Grenfell Tower: ruling class criminal negligence

June 15, 2017 at 9:55 pm (campaigning, capitalism, class, Conseravative Party, crime, hell, Human rights, Jim D, Tory scum, tragedy)

“People were waving scarves, flashing phones, torches, flapping their windows back and forth, crying for help … At first people [on the ground below] were trying to help them, pushing at cordons. I could see the smoke billowing behind them and in some cases I could see the flames, until they disappeared … [by 4am] there was no sign of life. Everyone was in a resigned state of shock. We couldn’t do anything and we were coming to accept the fire brigade couldn’t do anything either … I’ll never forget the sound of those screams: the screams of children and grown men” (would-be rescuer Robin Garton, quoted in The Times).

The faces look out from the newspaper, smiling in happier times. Many of them black or Middle Eastern with names like Khadija Kaye, Jessica Urbano  and Ali Yawa Jafari. But also Sheila Smith and Tony Disson. Then you read about people throwing their children out of high windows in the hope that someone would catch them, people jumping (some on fire) to almost certain death (shades of 9/11) and mother of two Rania Ibrham sending a Snapchat video to a friend who described it: “She’s praying and she’s saying ‘Forgive me everyone, goodbye’.”

This all happened in 2017 in one of the wealthiest boroughs in London, under a Tory council and a Tory government. But these people weren’t wealthy: they were amongst the poorest in the city, living cheek by jowl with people of enormous wealth.

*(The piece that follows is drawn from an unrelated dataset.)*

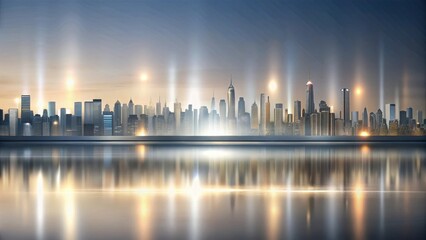 Fototapeta premium A gradient silver background with a sleek and modern aesthetic, set against a minimalist cityscape at sunset, modern cityscape, city lights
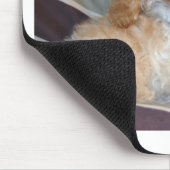 Tapis De Souris Ondulation parlante de chiot de caniche d'abricot (Coin)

It turns out that the local residents’ group, the Grenfell Action Group, had repeatedly warned the council and the so-called Tenant Management Organisation (ie the landlord) that a disaster was coming. In November of last year Edward Daffarn published a post on the Grenfell Action Group blog, entitled Playing with Fire, in which he warned that “only a catastrophic event will expose the ineptitude and incompetence of our landlord, the Kensington and Chelsea Management Organisation (KCTMO) and bring an end to the dangerous living conditions and neglect of health and safety legislation that they inflict upon their tenants and leaseholders.”

Local (Labour) councillor Judith Blakeman attempted to raise concerns with council officials and the management body “ad nauseam” since refurbishment of the block began in 2014: “They kept reassuring us that everything was fine” she said.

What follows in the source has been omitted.